Pictures with short captions:
·····

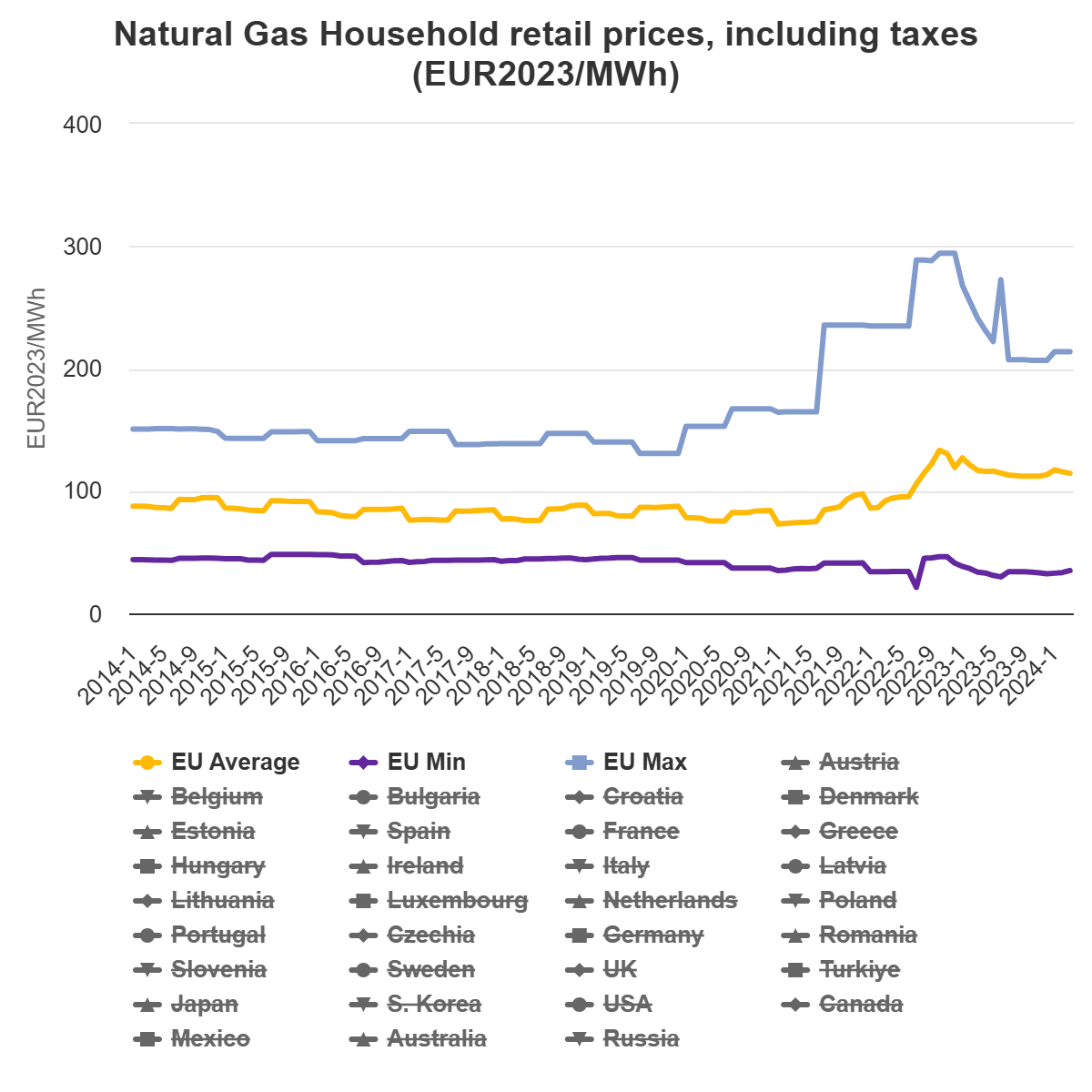 居民天然气含税零售价格（图片来源：欧洲能源总司）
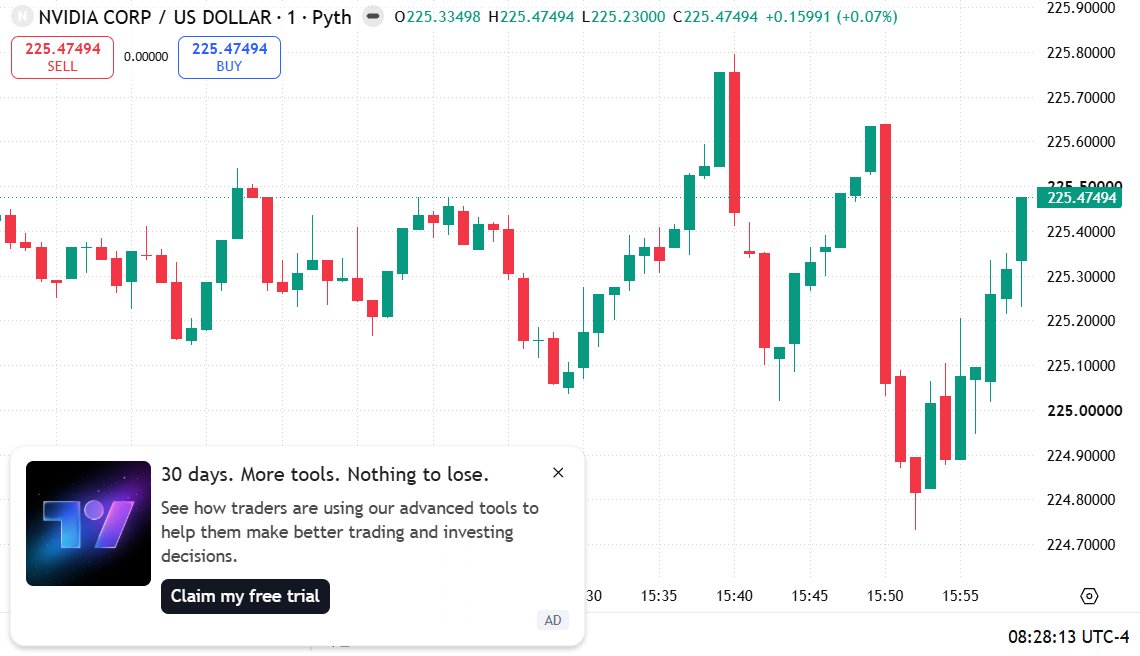 EricUStpot's tweet photo. $NVDA 1-min breakdown🚀Wild volatility! Sharp shakeout down to $224.75 low met aggressive buyers, sparking a fast V-recovery back above $225.00 to hover around $225.47.• Resistance: $225.70 / $225.80
• Support: $225.00/ $224.75  (1/2) 👇#NVDA #NVIDIA #FinTwit #DayTrading $QQQ https://t.co/EwuOLUBlzf
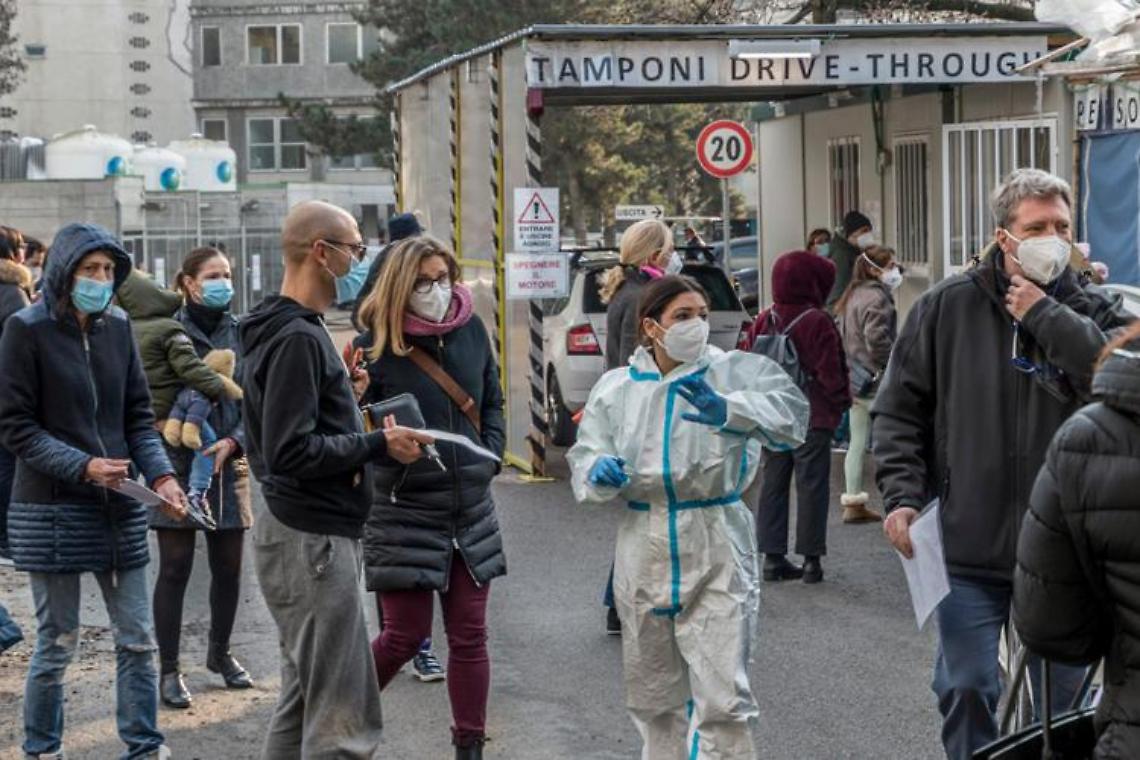 Covid oggi Italia, 36.293 contagi e 146 morti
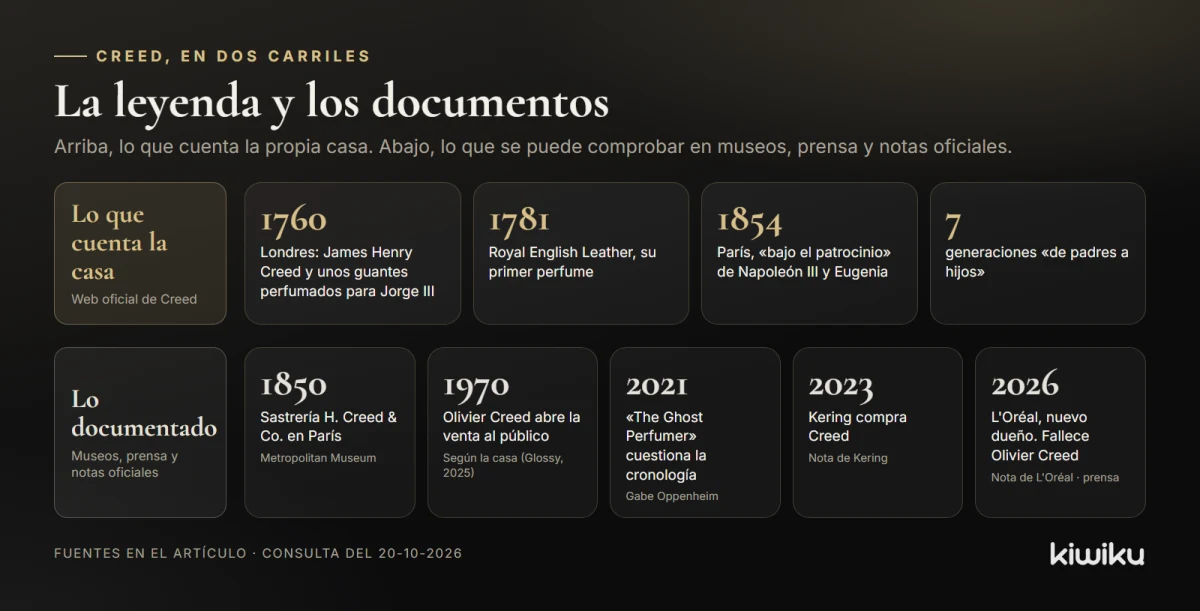 Historia de Creed: lo que cuenta la casa frente a lo que está documentado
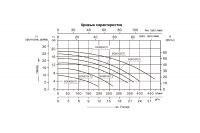 Насос (0,37кВт 220B 8 м3/ч h 4м в.ст.) Mayer Schwimmbad SGM050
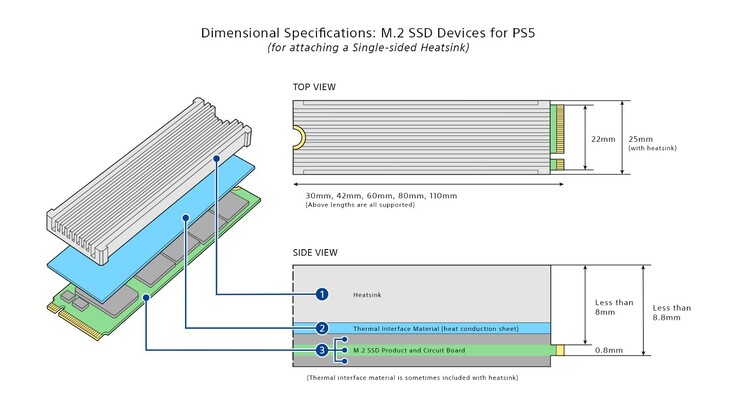 Dimensions du SSD (image via Sony)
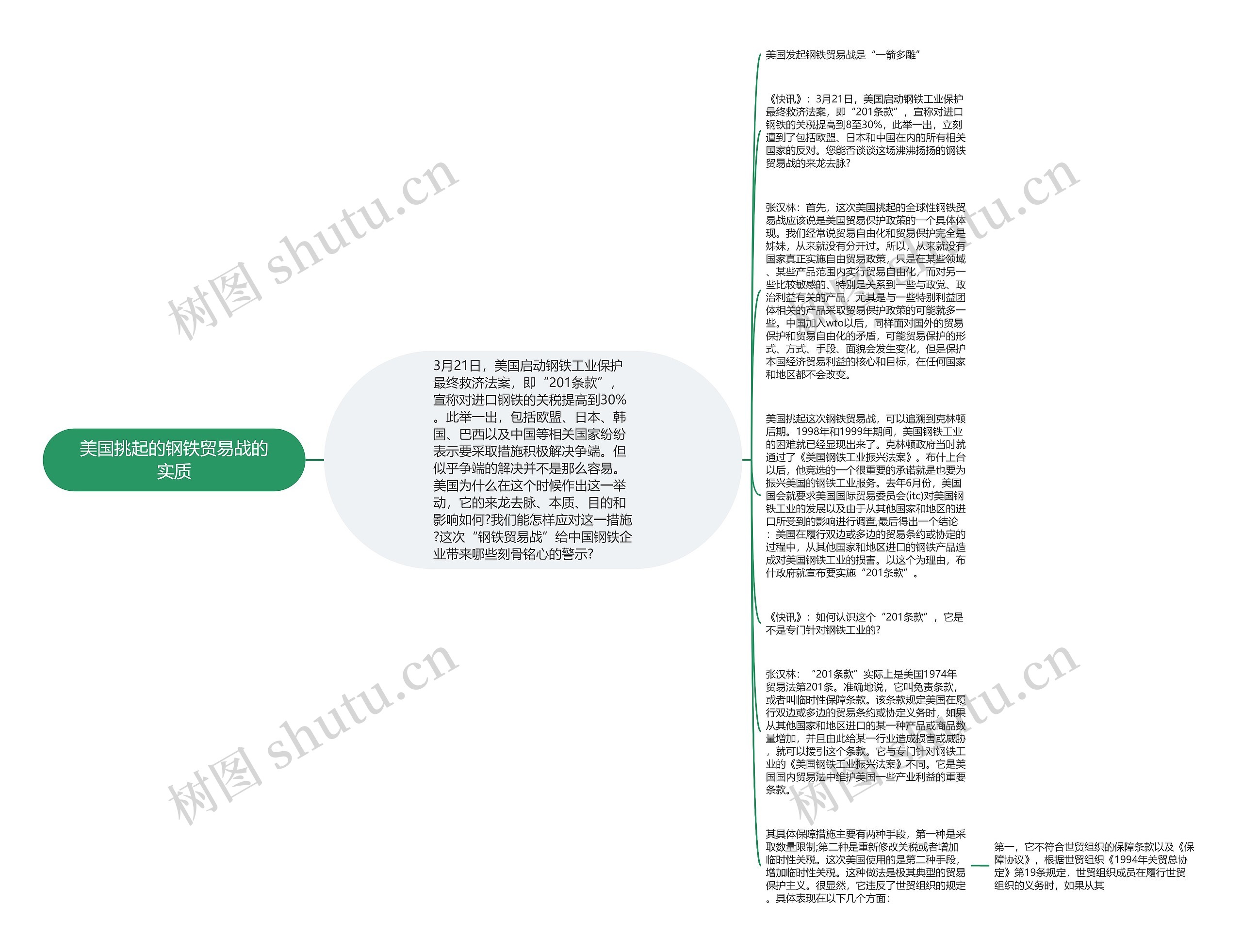 美国挑起的钢铁贸易战的实质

·····

What you have to do:
Exactly as written above, print every record, and keep the pictures out.

Your response:
 居民天然气含税零售价格（图片来源：欧洲能源总司）
 EricUStpot's tweet photo. $NVDA 1-min breakdown🚀Wild volatility! Sharp shakeout down to $224.75 low met aggressive buyers, sparking a fast V-recovery back above $225.00 to hover around $225.47.• Resistance: $225.70 / $225.80
• Support: $225.00/ $224.75  (1/2) 👇#NVDA #NVIDIA #FinTwit #DayTrading $QQQ https://t.co/EwuOLUBlzf
 Covid oggi Italia, 36.293 contagi e 146 morti
 Historia de Creed: lo que cuenta la casa frente a lo que está documentado
 Насос (0,37кВт 220B 8 м3/ч h 4м в.ст.) Mayer Schwimmbad SGM050
 Dimensions du SSD (image via Sony)
 美国挑起的钢铁贸易战的实质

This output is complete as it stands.